A few weeks ago, I left my job after taking voluntary redundancy. It wasn’t the smartest idea in that, for the time being at least, I no longer have a regular income, but the silver lining is that I can now take off on mini adventures more or less whenever I choose.
If I wake up and feel in the mood, I can pack a few sandwiches into a bag and be on my way within half an hour. Or if I get an invite go out exploring somewhere with a couple of mates, I can almost always say yes.
And I’ve got the added advantage of having England’s Peak District right on my doorstep. Well, a 40-minute drive away, which is as good as, in my book.
So today I took off to the Peak District’s Edale Valley for a bit of hill walking, enticed out by one of the most beautiful days we have seen in the UK so far this year. It wasn’t anything serious or technical, just enough to get my lungs pumping and quads burning.

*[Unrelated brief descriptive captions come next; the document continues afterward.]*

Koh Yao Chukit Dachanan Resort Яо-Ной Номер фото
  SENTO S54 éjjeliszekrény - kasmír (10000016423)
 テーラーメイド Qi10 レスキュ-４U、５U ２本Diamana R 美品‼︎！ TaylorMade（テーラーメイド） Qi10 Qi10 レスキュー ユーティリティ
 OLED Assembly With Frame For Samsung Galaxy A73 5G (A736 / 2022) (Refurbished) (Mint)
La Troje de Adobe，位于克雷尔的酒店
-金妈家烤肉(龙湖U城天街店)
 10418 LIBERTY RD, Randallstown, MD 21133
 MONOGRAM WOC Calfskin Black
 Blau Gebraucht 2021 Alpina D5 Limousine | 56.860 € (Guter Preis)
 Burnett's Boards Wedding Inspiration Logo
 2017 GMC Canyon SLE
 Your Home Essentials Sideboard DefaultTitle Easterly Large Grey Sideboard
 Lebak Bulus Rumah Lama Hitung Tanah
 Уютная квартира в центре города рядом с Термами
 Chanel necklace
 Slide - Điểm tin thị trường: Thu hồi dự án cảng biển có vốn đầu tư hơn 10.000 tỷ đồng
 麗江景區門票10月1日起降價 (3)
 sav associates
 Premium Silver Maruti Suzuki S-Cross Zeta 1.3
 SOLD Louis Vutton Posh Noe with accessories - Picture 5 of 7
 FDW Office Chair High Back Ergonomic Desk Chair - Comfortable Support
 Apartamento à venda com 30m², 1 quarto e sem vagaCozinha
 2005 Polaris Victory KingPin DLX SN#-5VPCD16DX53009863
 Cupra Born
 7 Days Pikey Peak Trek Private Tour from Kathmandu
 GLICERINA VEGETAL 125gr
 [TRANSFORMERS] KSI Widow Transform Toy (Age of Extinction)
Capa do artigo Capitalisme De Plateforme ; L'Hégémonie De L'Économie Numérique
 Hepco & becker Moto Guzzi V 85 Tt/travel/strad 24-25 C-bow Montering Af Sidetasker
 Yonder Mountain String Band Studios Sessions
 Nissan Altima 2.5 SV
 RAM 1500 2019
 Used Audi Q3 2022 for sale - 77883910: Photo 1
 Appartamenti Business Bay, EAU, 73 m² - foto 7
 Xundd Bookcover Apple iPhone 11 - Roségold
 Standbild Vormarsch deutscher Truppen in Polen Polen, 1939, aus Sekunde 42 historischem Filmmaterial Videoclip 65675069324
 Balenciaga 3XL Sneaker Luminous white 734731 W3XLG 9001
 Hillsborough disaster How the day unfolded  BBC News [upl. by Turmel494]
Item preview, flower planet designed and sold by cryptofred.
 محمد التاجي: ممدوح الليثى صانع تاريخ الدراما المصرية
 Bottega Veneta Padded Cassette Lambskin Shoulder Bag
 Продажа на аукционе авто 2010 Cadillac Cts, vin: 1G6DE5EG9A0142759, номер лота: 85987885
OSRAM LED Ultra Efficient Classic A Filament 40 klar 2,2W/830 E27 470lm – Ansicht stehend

For those unfamiliar with the area, it’s basically a giant bowl bisected by three hills and a ridge linking them all together. I usually park in the valley bottom in an idyllic little town called Castleton, from where you have to climb up the calf-rippingly steep Winnat’s Pass (which I’ve previously written about here) to the top of the first hill, Mam Tor.
I’ve got an affinity with this peak because, as far as I can remember, it was the first I ever climbed (aged about 4) and one that I keep going back to when I need to kick-start a bit of training. It’s no Gasherbrum or anything, but it’s not bad for 40 minutes from your front door.
Today, Mam Tor was in pristine form, with clear skies opening up a 360-degree panorama from the top that was interrupted only by those scattered puffs of cloud that somehow make a sunny day’s photos look even more impressive. Plus, with it being a Monday, I had it practically all to myself.
I then set off along the ridge, dropping down and then up again to the second peak, Back Tor, repeated the down-up process to peak No 3, Lose Hill, before doubling all the way back to my car.
The round-trip walk, with a lunch stop in between, only takes about three-and-a-half hours, so it’s not an epic day by any stretch, but it’s always liberating and is a damn sight better than being sat in an office.
It’s unplanned outings like today’s that make jacking in a perfectly good job a lot easier to justify.